- [What is expected]: Where a line of the following data contains the string "them", include it in the tally. Report the total alone.

[Records from a data source]
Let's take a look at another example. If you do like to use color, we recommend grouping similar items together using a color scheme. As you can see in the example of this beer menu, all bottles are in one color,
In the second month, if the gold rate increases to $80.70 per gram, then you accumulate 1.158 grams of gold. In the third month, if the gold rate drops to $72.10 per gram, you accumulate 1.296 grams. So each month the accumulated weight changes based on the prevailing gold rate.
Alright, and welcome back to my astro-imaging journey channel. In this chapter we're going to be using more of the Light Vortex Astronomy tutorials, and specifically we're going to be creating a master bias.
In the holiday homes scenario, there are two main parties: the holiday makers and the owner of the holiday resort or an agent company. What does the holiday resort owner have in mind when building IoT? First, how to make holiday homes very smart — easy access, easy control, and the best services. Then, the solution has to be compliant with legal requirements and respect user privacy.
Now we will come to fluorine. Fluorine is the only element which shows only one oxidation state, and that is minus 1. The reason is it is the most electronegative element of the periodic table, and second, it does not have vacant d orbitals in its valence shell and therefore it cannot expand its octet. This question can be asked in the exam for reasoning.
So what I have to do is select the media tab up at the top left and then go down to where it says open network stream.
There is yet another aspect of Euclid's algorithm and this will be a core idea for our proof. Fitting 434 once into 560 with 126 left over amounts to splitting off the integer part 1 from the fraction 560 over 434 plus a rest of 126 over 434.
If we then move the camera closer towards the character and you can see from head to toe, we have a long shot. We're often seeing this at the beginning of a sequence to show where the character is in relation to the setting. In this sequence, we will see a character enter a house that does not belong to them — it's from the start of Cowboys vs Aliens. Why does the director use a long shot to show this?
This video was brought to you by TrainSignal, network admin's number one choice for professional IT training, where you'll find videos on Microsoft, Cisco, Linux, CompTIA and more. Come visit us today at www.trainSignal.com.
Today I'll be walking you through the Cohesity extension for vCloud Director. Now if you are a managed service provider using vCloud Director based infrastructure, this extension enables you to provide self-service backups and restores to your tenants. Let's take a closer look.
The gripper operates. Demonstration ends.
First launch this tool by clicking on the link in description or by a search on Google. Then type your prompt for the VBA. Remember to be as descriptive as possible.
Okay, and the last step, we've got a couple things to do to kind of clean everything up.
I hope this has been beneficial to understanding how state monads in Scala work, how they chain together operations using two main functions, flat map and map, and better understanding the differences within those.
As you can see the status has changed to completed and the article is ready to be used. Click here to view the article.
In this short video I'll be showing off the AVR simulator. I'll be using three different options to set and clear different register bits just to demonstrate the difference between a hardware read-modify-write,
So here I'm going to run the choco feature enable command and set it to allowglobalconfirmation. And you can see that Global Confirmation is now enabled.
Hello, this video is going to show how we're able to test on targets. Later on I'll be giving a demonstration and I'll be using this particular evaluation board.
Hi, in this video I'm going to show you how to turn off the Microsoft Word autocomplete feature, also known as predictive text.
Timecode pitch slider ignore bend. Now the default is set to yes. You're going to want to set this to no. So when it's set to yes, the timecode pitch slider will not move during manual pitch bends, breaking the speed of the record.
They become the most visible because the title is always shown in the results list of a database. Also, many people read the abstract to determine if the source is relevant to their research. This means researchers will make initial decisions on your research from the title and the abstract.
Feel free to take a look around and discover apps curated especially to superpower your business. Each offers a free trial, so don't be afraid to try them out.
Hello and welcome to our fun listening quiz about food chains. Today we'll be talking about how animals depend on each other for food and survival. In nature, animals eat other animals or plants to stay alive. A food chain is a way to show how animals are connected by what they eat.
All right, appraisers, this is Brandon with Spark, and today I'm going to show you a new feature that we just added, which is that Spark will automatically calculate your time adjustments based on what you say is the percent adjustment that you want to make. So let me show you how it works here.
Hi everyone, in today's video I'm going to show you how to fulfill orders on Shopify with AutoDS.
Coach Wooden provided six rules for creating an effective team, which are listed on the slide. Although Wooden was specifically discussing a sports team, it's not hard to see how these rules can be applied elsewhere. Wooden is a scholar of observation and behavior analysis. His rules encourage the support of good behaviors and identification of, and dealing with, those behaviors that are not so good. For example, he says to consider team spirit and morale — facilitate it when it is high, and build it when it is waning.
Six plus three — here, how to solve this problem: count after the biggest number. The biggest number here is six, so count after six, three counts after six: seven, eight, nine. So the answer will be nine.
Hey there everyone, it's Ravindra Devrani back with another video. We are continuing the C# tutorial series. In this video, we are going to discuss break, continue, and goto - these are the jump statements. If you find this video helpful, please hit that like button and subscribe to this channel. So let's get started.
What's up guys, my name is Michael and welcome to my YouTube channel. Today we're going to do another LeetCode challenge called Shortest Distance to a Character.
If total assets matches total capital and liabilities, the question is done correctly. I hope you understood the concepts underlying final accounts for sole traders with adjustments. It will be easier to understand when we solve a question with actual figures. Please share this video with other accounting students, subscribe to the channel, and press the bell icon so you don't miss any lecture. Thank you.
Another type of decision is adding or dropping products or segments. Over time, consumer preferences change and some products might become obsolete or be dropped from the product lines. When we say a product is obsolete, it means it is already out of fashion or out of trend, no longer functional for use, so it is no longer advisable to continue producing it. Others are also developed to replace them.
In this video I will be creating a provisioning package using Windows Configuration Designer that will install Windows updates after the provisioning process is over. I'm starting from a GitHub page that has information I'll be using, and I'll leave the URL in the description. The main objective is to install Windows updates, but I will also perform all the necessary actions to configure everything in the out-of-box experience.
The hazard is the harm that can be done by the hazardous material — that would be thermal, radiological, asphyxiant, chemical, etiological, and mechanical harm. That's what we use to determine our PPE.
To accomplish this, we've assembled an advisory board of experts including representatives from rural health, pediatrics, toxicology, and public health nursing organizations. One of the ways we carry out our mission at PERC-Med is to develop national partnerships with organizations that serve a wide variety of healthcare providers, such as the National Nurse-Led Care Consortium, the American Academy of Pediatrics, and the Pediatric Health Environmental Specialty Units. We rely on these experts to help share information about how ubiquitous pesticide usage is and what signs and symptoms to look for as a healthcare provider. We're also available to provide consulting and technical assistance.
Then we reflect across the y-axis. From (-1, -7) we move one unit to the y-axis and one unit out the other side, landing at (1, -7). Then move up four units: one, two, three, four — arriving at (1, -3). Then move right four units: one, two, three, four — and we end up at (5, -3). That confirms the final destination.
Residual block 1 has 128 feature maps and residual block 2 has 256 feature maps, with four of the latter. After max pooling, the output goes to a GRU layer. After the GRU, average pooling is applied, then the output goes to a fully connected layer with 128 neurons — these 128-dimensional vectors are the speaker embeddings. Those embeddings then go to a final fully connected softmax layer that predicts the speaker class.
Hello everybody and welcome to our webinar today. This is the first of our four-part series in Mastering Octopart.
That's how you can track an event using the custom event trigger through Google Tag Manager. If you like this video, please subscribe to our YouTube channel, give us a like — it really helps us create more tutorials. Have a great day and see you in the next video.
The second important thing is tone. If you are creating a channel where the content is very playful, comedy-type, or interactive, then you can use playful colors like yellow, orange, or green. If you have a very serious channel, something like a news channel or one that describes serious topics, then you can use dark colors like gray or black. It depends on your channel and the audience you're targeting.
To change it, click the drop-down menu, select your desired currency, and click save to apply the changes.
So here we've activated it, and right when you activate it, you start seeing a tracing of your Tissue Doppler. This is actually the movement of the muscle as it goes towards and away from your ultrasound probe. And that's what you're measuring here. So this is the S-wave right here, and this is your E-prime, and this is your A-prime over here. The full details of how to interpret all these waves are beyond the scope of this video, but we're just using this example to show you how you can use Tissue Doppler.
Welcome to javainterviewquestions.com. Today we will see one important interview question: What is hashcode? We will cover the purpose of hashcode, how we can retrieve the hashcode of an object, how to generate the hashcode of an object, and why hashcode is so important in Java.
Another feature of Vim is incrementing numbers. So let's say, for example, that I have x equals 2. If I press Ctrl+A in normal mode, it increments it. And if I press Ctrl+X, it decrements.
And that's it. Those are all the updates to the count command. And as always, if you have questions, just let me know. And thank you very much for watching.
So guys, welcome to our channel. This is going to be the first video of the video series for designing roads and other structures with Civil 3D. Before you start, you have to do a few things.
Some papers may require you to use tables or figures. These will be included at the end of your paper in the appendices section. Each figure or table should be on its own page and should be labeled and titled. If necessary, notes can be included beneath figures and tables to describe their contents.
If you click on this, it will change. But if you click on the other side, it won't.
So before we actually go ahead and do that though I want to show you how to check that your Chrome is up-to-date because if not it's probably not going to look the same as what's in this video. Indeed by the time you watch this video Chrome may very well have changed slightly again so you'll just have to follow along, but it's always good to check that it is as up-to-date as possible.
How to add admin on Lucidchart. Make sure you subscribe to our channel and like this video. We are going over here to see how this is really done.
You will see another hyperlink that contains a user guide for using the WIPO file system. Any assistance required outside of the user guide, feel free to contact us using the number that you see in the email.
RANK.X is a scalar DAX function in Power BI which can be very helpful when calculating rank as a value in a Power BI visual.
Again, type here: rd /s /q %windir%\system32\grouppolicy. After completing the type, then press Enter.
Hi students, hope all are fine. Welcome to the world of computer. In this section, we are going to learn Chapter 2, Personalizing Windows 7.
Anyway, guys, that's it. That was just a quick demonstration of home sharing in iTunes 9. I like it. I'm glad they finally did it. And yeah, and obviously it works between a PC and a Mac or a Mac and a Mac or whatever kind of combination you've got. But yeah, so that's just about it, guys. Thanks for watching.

- [Task answer]: 3